Always verify label compatibility with metals, seals, and irrigation components. Never mix bleach with acids or ammonia, and rinse edible-contact tools after disinfection. Prepare fresh solution daily when possible, and test on a small surface before full application. If lines were fertilized, pre-flush with clean water to reduce demand and improve sanitizer performance.
Which mode should I choose for my closing routine?
Use Surface sanitation for benches, walls, trays, tools, and floors. Use Irrigation line flush when you must fill tubing and emitters with a measured solution or winterizing blend.
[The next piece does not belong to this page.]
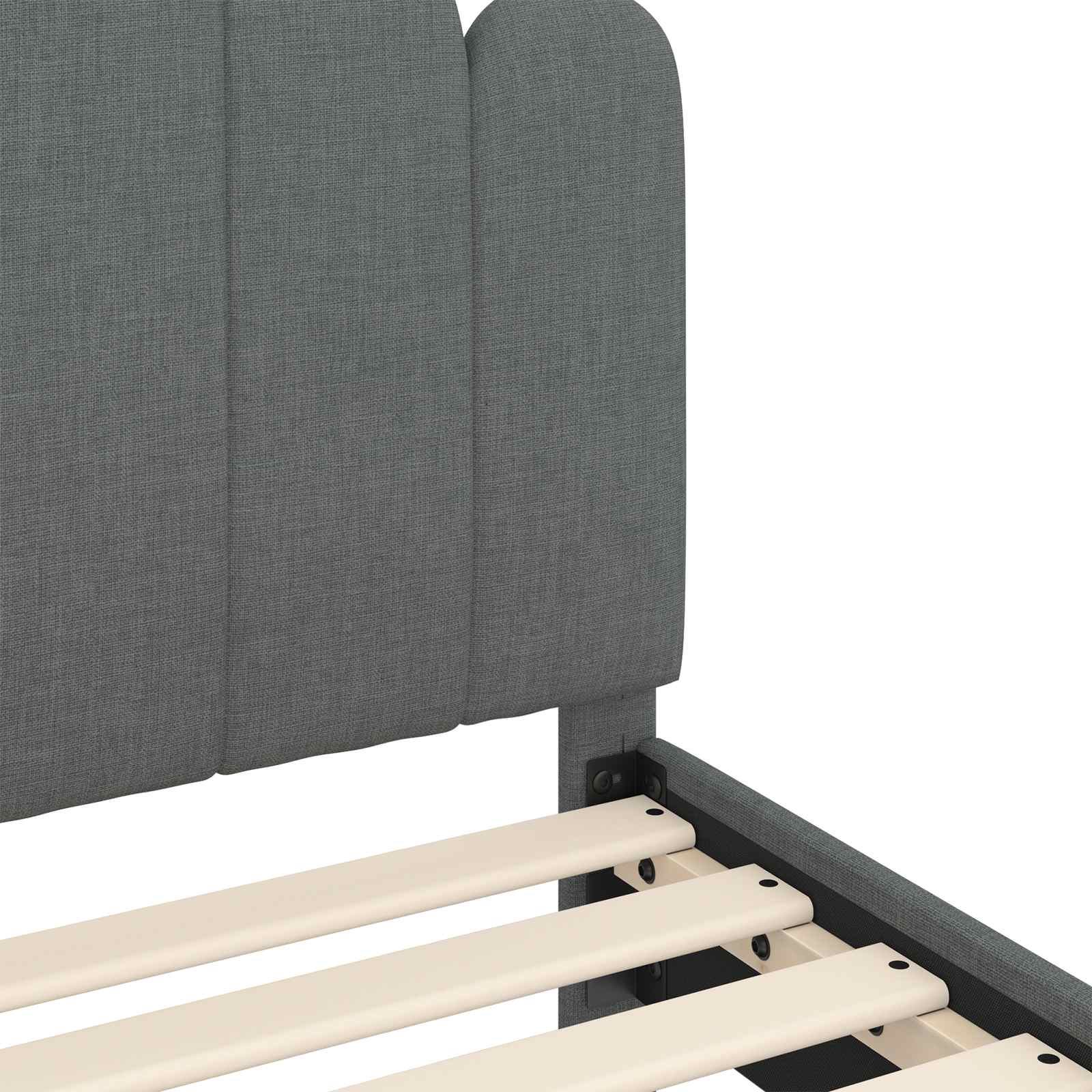 Bedframe voor kinderen met hoofdbord Donkergrijs 90 x 190 cm is nu te koop bij PeponiXL, paradijselijk wonen!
What does the extra mix factor change?
It increases the planned batch volume to cover sprayer pickup, measuring loss, and small spills. The concentrate and water amounts scale automatically with that percentage.
Can I trust the bleach ppm calculation exactly?
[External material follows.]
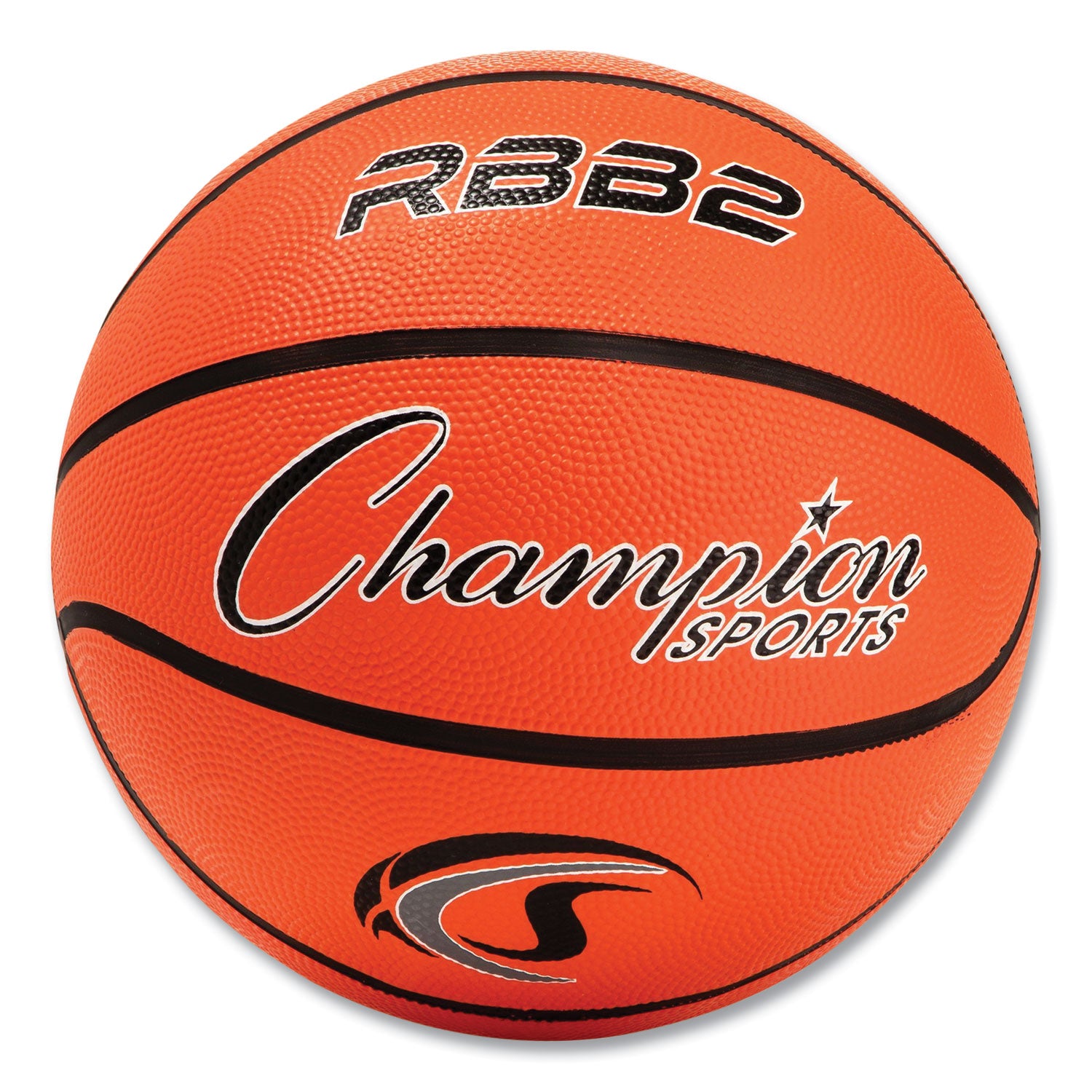 Champion Sports Rubber Sports Ball, For Basketball, No. 5 Size, Junior Size, Orange (RBB2)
It is a planning approximation based on product percent. Different labels and strengths vary, and chlorine demand from organic soil reduces active ppm. Follow the label and verify with test strips when needed.
Why does irrigation volume use diameter and length?
Tubing is a cylinder. The calculator estimates internal volume from cross‑sectional area and length, then adds a purge percentage for fittings, filters, and manifolds.
How should I handle cost estimates?
Enter your concentrate price and unit. The tool estimates concentrate cost only, not water, labor, or disposal. Use it to compare chemicals across zones and seasons.
What are quick best practices for better results?
Remove debris first, pre‑rinse lines if fertilized, mix fresh solution, keep recommended contact time, and rinse food‑contact items. Store equipment dry to reduce corrosion and microbial regrowth.